From 1,458 runs and 13 configurations, seven principles emerged. Each is backed by specific data points. I’ve organized them from highest impact to lowest.

Rule 1: Don’t Teach Claude How to Code

Remove any instruction that restates general programming knowledge.

Claude’s training already encodes Python best practices, clean code principles, naming conventions, design patterns, and edge-case awareness. Instructions like “use snake_case for variables,” “write clear docstrings,” or “handle edge cases” are redundant. They don’t make the model try harder—they add tokens that dilute the actual task.

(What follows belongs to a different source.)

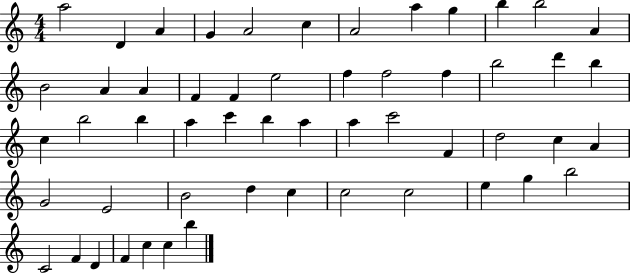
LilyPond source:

The micro-quality profile tested this directly. It contained just four bullet points of universal coding advice:

  • Write clear, self-documenting code with descriptive names
  • Handle edge cases explicitly with informative error messages
  • Follow task instructions precisely
  • Keep functions focused and short

These are principles so universal they seem impossible to disagree with. They still reduced quality by 0.54 points. The instructions create a scorecard that can only subtract points, never add them.

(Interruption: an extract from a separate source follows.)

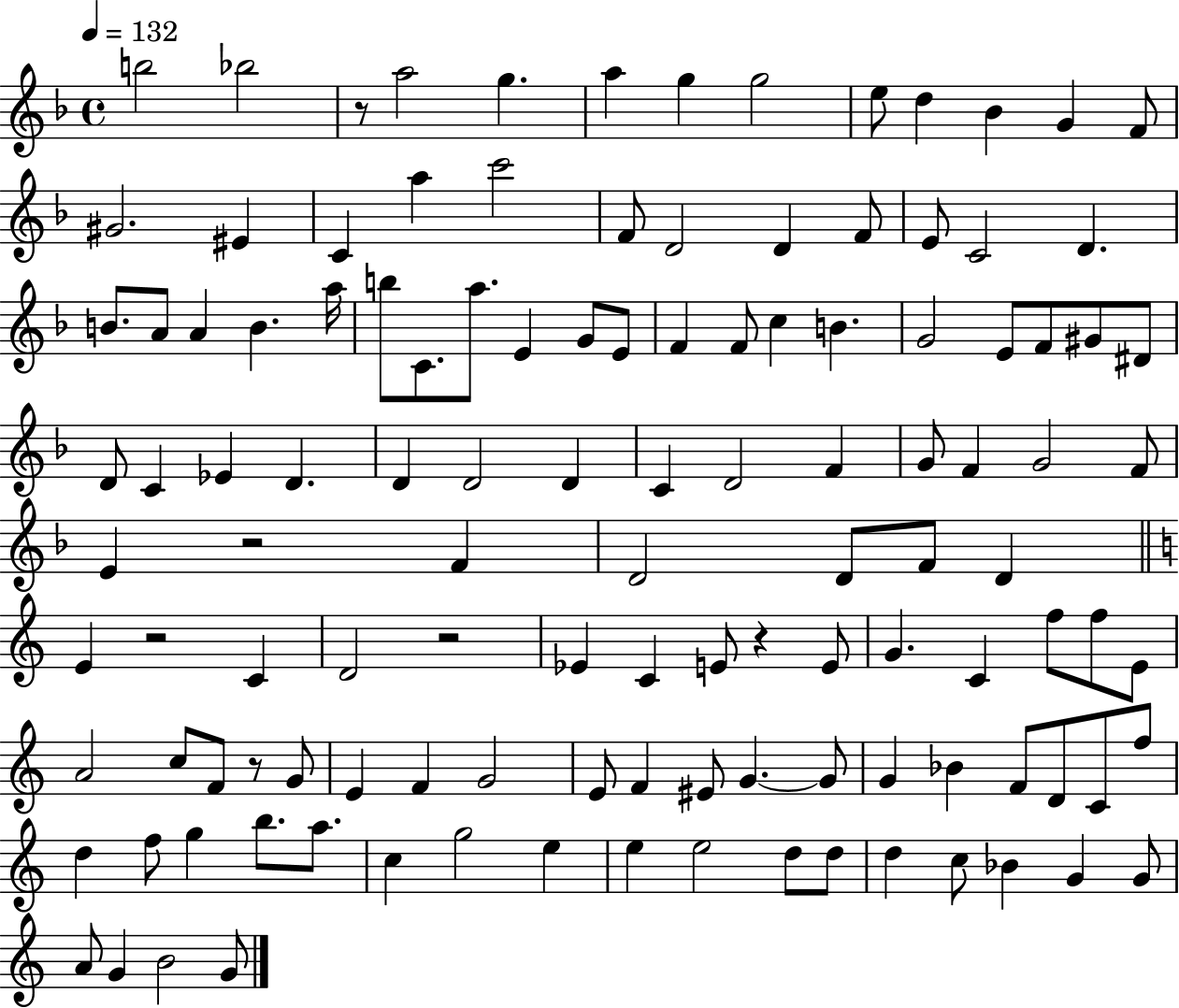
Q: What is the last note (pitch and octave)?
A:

Evidence: micro-quality (74 tokens, -0.54), typical-readable (753 tokens with style/naming/formatting rules, -1.07), large-readable (6,800 tokens of comprehensive guidelines, -0.86). All negative. Phase 2, 648 runs.

Don’t include

  • “Use snake_case for variables”
  • “Write docstrings for public functions”
  • “Handle edge cases”
  • “Follow SOLID principles”
  • “Use descriptive variable names”
  • “Keep functions short”

Do include

  • “Use Pydantic v2 model_validator, not v1 validator”
  • “Our API returns snake_case JSON, not camelCase”
  • “Error responses must include a trace_id field”
  • Things Claude cannot know from training

Rule 2: Don’t Tell Claude How to Think

Skip chain-of-thought instructions for code generation.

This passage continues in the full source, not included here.